Religious authorities responded sharply to reports of irreverence, even when the details were uncertain. Clergymen used the clubs as examples in sermons warning against spiritual apathy and moral corruption. Their criticisms fit into larger anxieties about deism, skepticism, and perceived threats to Protestant orthodoxy.20 Because the clubs operated privately and left few written records, public commentary focused on symbolic danger rather than documented acts. The idea that elite men might parody sacred rituals spoke to broader concerns about disorder at a moment when religion remained central to national identity.
These anxieties helped solidify a narrative in which the Hellfire Clubs stood not simply as eccentric societies but as cultural markers of transgression. Later writers expanded these themes, producing a mythology far removed from the limited evidence available from the eighteenth century. Historians now emphasize that ritual parody was real and significant, but they also note that nineteenth century accounts often projected fears of Satanic experimentation onto groups whose documented activities were grounded in satire.21 The tension between evidence and myth continues to shape interpretations of the clubs’ cultural meaning.
Sexuality, Masculinity, and Elite Privilege

Sexual libertinism played an important role in shaping how contemporaries understood the Hellfire Clubs, but it must be approached through verifiable evidence rather than the sensational tales that later defined their reputation.
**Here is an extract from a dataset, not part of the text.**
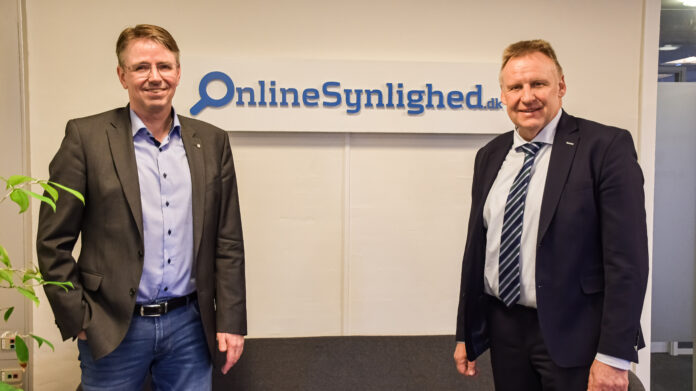 Borgmester Lars Storgaard på virksomhedsbesøg hos OnlineSynlighed.dk. Her sammen med direktør John Nielsen.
Georgian elite culture included forms of masculine sociability that permitted degrees of sexual freedom unavailable to most of the population, and club environments often relied on this context. The surviving primary reports describe private gatherings in which elite men performed identities built around wit, worldliness, and a self-conscious distance from conventional morality. Modern scholarship situates these activities within the larger history of libertine behavior rather than within the exaggerated narratives that gained circulation in the nineteenth century.22
Within these settings, sexuality functioned as both entertainment and a marker of privilege. The ability to transgress social norms without facing serious consequences reinforced distinctions between the aristocracy and the wider public. Scholars have shown that eighteenth century attitudes toward sexual conduct varied sharply along class lines, with elite men afforded far greater freedom than women or individuals of lower status.23 The clubs drew on this hierarchy by creating private spaces in which participants could cultivate reputations for daring behavior. These performances were carefully separated from public life, where expectations of decorum and religious conformity persisted.
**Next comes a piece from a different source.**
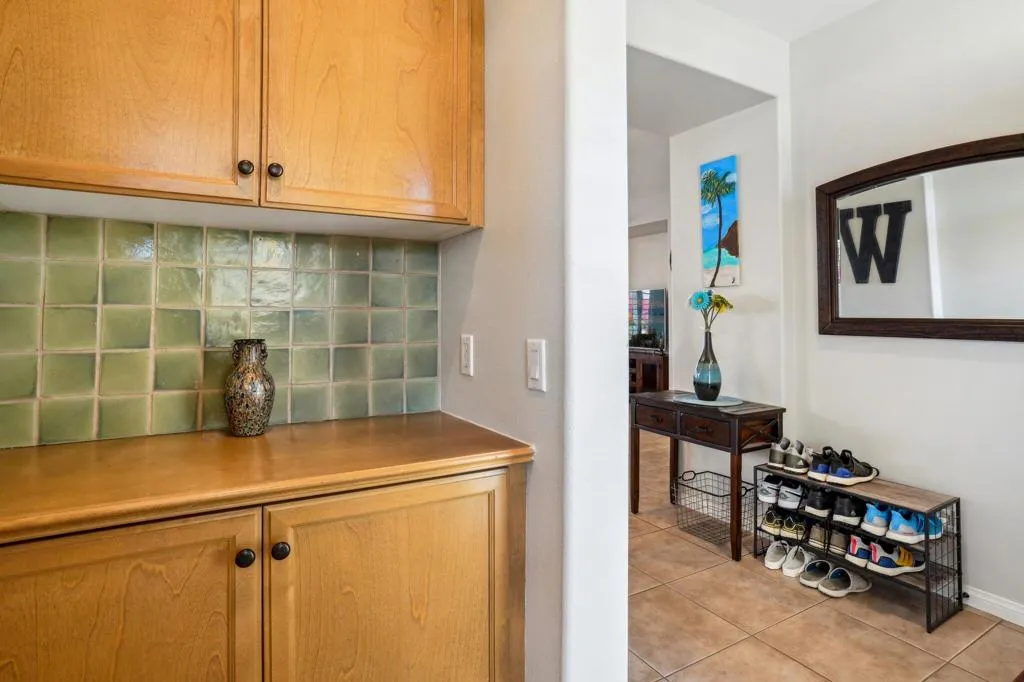 8-web-or-mls-Living Stone Dr-008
Accounts of masquerades and private assemblies reveal how anonymity and theatrical roles shaped experiences of desire and amusement among aristocratic men. These elements appear in descriptions of club culture across the period, though reliable sources for the Hellfire Clubs specifically are limited.24 In the absence of direct documentation, historians rely on verified reports of related elite practices to contextualize the clubs’ atmosphere. The connection between performance, sexuality, and social power formed a recognizable pattern in Georgian society, and Hellfire groups operated within this broader matrix rather than outside it.
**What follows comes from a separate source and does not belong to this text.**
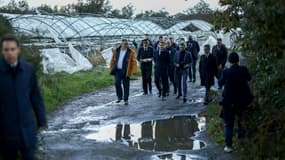 Le président Emmanuel Macron (c) visite une ferme touchée par la tempête Ciaran, le 3 novembre 2023 à Daoulas, dans le Finistère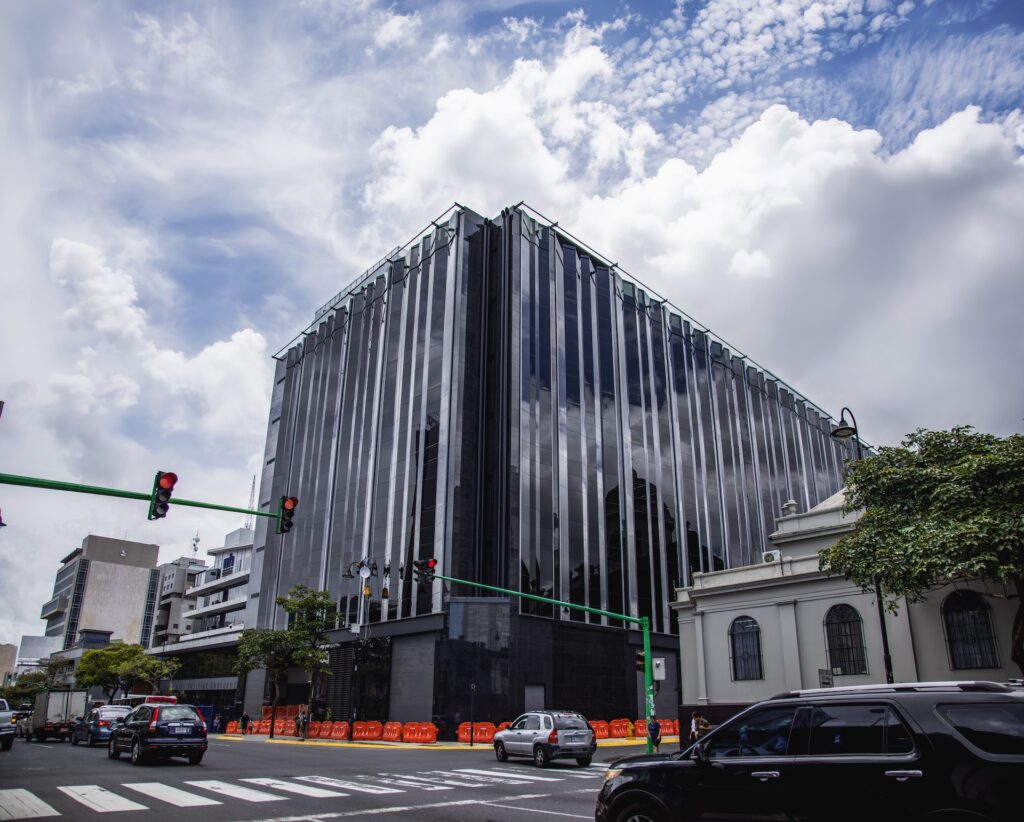Banco Popular inaugura BP Total Catedral con atención digital e inclusiva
Women occasionally appeared in discussions of the clubs, but their roles are difficult to reconstruct with precision. Newspaper commentary often hinted at clandestine encounters or scandalous entertainment, yet such claims cannot be substantiated beyond the general observation that elite libertine circles sometimes included female performers or companions.25 Scholarly caution remains essential, since many later accounts projected Victorian anxieties backward onto eighteenth century contexts, transforming unverified rumor into elaborate stories of exploitation. The existing evidence allows historians to speak confidently about gendered privilege and libertine performance, but not about the detailed scenarios that appear in later sensational literature.
In recognizing these limitations, scholars emphasize that sexuality within the Hellfire phenomenon is best understood as part of a larger discussion about masculinity and power. Displays of erotic freedom served to reinforce group cohesion and distinguish members from the constraints that applied to ordinary subjects.26 These dynamics illuminate the cultural setting in which the clubs operated, revealing how aristocratic men used performances of desire to articulate identities grounded in exclusivity, intellectual play, and social dominance.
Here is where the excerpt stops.